Look below for the line containing "medios producidos para"; from there, print each line exactly up to and including the line containing "prueba las realidades", and stop.

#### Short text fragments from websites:
⁂

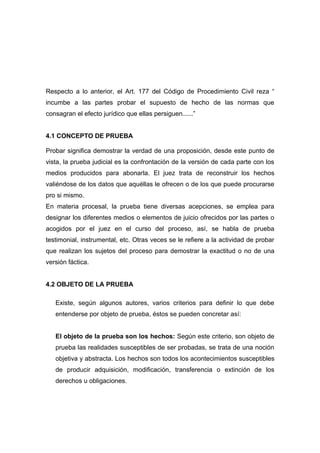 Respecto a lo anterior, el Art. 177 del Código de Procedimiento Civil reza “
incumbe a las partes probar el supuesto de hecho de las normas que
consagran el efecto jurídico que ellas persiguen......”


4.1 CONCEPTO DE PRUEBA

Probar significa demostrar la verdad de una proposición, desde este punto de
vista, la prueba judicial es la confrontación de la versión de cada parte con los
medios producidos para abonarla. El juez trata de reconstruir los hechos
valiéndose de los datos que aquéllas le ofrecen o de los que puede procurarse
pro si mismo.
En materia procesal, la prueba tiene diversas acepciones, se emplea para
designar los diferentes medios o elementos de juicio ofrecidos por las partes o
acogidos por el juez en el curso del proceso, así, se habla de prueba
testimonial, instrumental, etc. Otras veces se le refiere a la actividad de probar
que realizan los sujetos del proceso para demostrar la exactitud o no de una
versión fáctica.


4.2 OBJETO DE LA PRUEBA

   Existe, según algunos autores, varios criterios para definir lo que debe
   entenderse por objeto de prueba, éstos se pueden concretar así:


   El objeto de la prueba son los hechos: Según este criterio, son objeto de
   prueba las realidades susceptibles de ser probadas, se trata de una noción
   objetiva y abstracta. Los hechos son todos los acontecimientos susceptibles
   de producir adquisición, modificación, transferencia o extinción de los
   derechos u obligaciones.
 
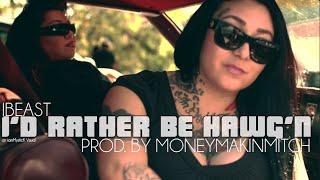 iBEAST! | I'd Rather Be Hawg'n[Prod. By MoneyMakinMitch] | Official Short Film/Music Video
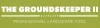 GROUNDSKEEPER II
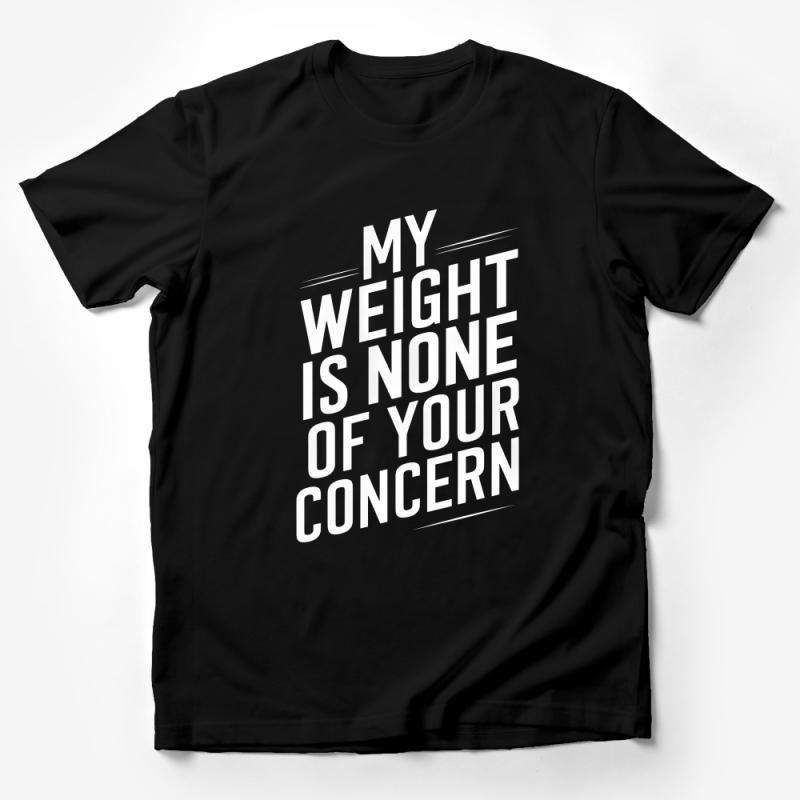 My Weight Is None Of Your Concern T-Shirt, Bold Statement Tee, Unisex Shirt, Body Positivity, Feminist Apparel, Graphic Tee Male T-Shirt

⁂

#### ANSWER TO THIS TASK:
medios producidos para abonarla. El juez trata de reconstruir los hechos
valiéndose de los datos que aquéllas le ofrecen o de los que puede procurarse
pro si mismo.
En materia procesal, la prueba tiene diversas acepciones, se emplea para
designar los diferentes medios o elementos de juicio ofrecidos por las partes o
acogidos por el juez en el curso del proceso, así, se habla de prueba
testimonial, instrumental, etc. Otras veces se le refiere a la actividad de probar
que realizan los sujetos del proceso para demostrar la exactitud o no de una
versión fáctica.


4.2 OBJETO DE LA PRUEBA

   Existe, según algunos autores, varios criterios para definir lo que debe
   entenderse por objeto de prueba, éstos se pueden concretar así:


   El objeto de la prueba son los hechos: Según este criterio, son objeto de
   prueba las realidades susceptibles de ser probadas, se trata de una noción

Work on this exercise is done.